3. The automatic dispatch method based on a central node of claim 2, wherein the online user queue determines whether a user is online based on a heartbeat mechanism, and removes users that are not online from the online user queue.

4. The automatic dispatch method based on a central node of claim 2, wherein the secondary task scheduling logic further comprises,

circularly acquiring online users from an online user queue;

checking whether the task being processed exists in a user task queue of the online user, and if the task being processed exists in the user task queue of the online user, judging that the online user is idle;

Searching whether the task template matched with the idle online user exists or not, if so, writing the task in the secondary task template cache queue matched with the task template into the user task queue;

deleting the task from the secondary task template cache queue matched with the task template.

5. The automatic dispatch method based on a central node of claim 1, wherein the relationship of a user and the task template comprises: associating one of the task templates with each user; each task template is associated with a plurality of users; and, the default template prefabricated by the system associates all users.

6. The automatic dispatch method based on a central node of claim 1, wherein the task template and task relationship comprises: each task template is associated with a plurality of tasks; each task belongs to a plurality of task templates; and, the default template prefabricated by the system contains all tasks.

7. An automatic dispatch system based on a central node for implementing the method of any one of claims 1 to 6, characterized in that it comprises a central node subsystem and a user subsystem,

The central node subsystem comprises a task scheduler, a buffer queue and a task template pool,

the task scheduler includes a primary task scheduler and a secondary task scheduler,

the primary task scheduler circularly acquires tasks from the primary task cache queue at fixed time intervals; calculating the score of the task in each task template; storing tasks with scores of not 0 in the task template into the secondary task template cache queue matched with the task template; when the tasks are stored in the secondary task template cache queue, sorting according to scores in the task templates matched with the secondary task template cache queue;

the secondary task scheduler is used for circularly acquiring online users from the online user queue; checking whether the task being processed exists in a user task queue of the online user, and if the task being processed exists in the user task queue of the online user, judging that the online user is idle; searching whether the task template matched with the idle online user exists or not, if so, writing the task in the secondary task template cache queue matched with the task template into the user task queue; deleting the task from the secondary task template cache queue matched with the task template;

The buffer queue comprises a first-level task buffer queue and a plurality of second-level task buffer queues, wherein the first-level task buffer queue is used for uniformly receiving tasks to be processed submitted to a background by clients, and the second-level task template buffer queue is used for storing the tasks in the first-level task buffer queue in groups;

the task template pool is used for storing the task templates, and each task template is matched with the secondary task template cache queue;

the user subsystem comprises the online user queue and the user task queue, wherein the online user queue is used for storing online user information, and the user task queue is used for storing information of tasks allocated to users.

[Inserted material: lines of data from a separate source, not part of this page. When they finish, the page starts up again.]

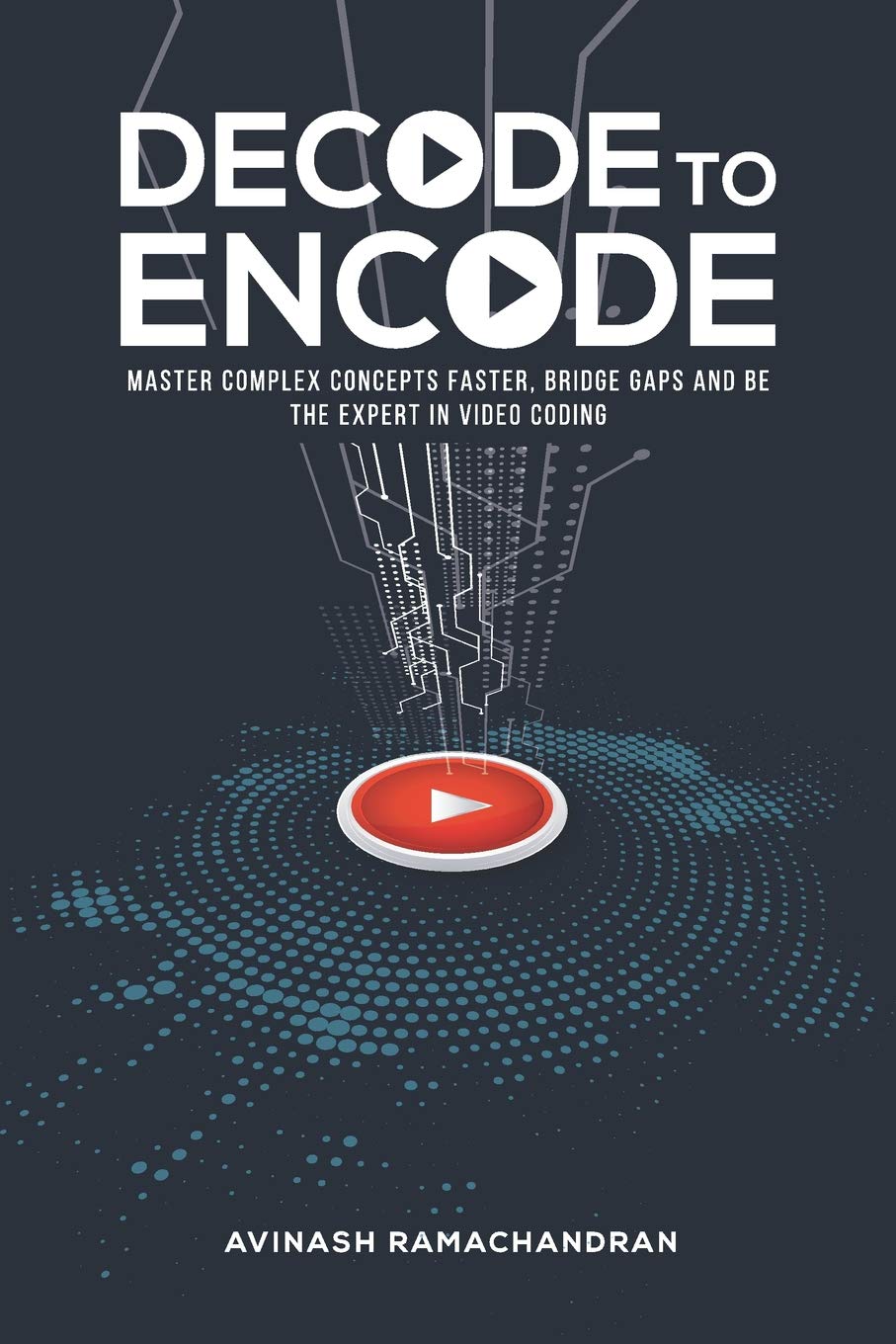 Decode to Encode: Master Complex Concepts Faster, Bridge Gaps and Be the Expert in Video Coding,Used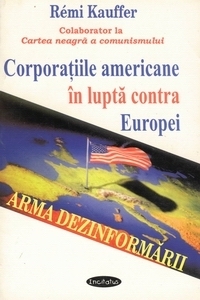 Corporatiile americane in lupta contra Europei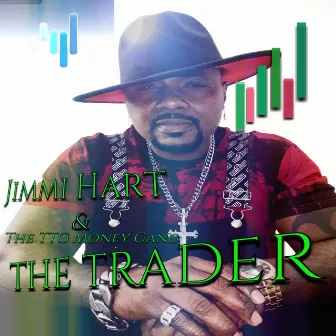 The Trader by Jimmi Hart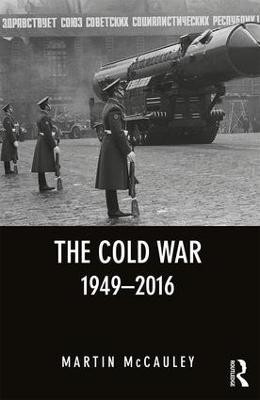 The Cold War 1949-2016(English, Paperback, McCauley Martin)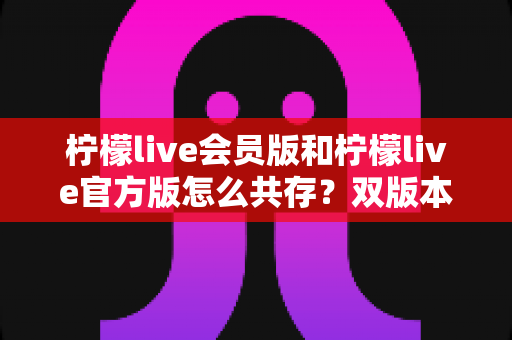 柠檬live会员版和柠檬live官方版怎么共存？双版本安装与使用全攻略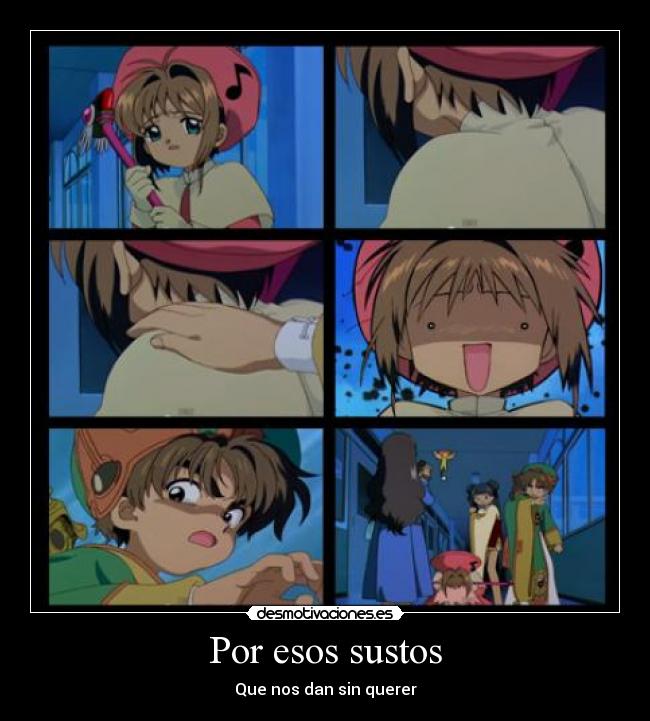 Por esos sustos - Que nos dan sin querer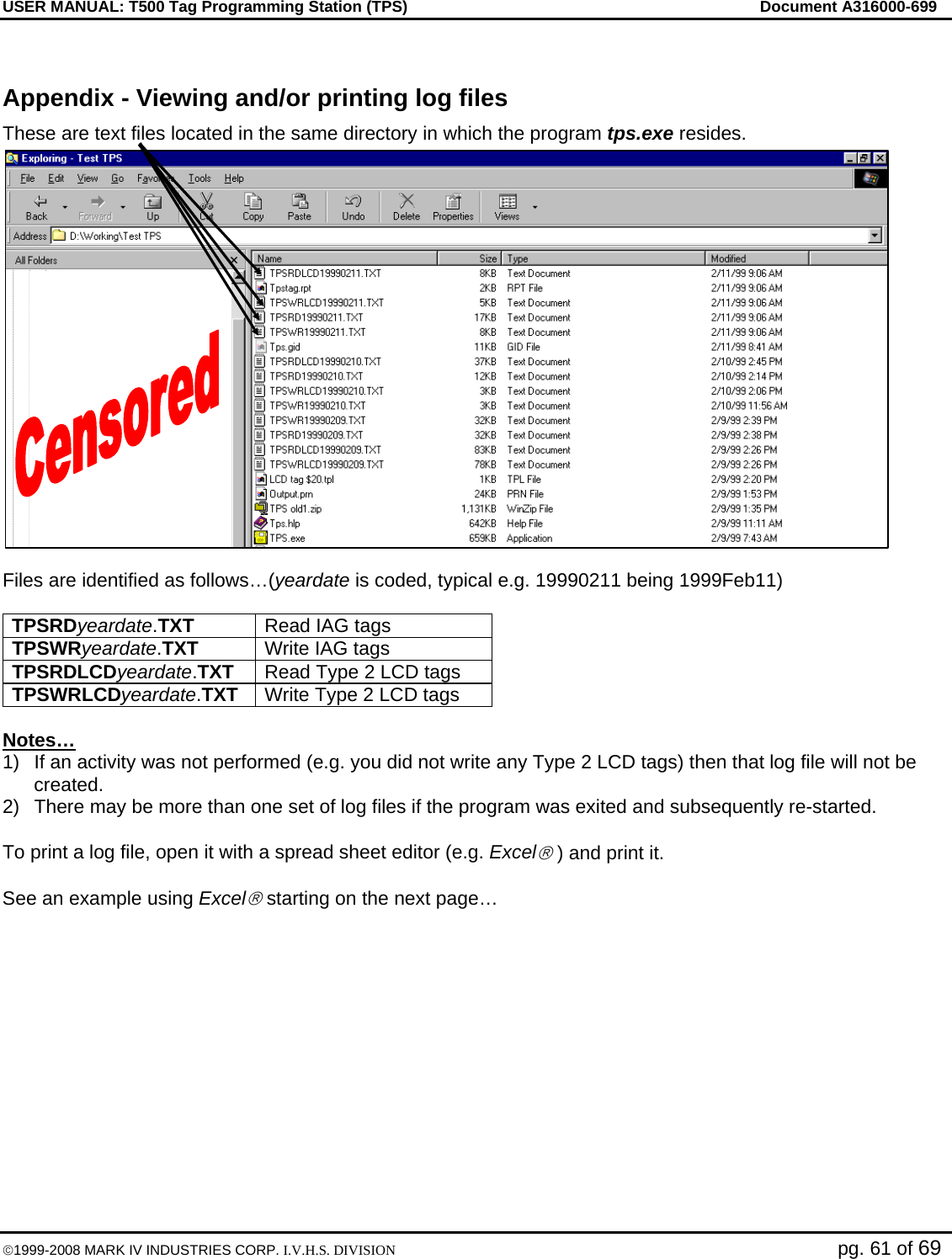 USER MANUAL: T500 Tag Programming Station (TPS)     Document A316000-699  ©1999-2008 MARK IV INDUSTRIES CORP. I.V.H.S. DIVISION   pg. 61 of 69  Appendix - Viewing and/or printing log files These are text files located in the same directory in which the program tps.exe resides.  Files are identified as follows…(yeardate is coded, typical e.g. 19990211 being 1999Feb11)  TPSRDyeardate.TXT  Read IAG tags  TPSWRyeardate.TXT  Write IAG tags TPSRDLCDyeardate.TXT  Read Type 2 LCD tags TPSWRLCDyeardate.TXT  Write Type 2 LCD tags  Notes… 1)  If an activity was not performed (e.g. you did not write any Type 2 LCD tags) then that log file will not be created. 2)  There may be more than one set of log files if the program was exited and subsequently re-started.  To print a log file, open it with a spread sheet editor (e.g. Excel® ) and print it.  See an example using Excel® starting on the next page…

8. Automatic dispatch device based on a central node, comprising a memory and a processor, said memory storing a computer program, characterized in that said processor implements the steps of the method according to any one of claims 1 to 6 when executing said computer program.

9. A central node based automated dispatch storage medium storing computer instructions which, when executed on a computer, cause the computer to perform the method of any of claims 1-6.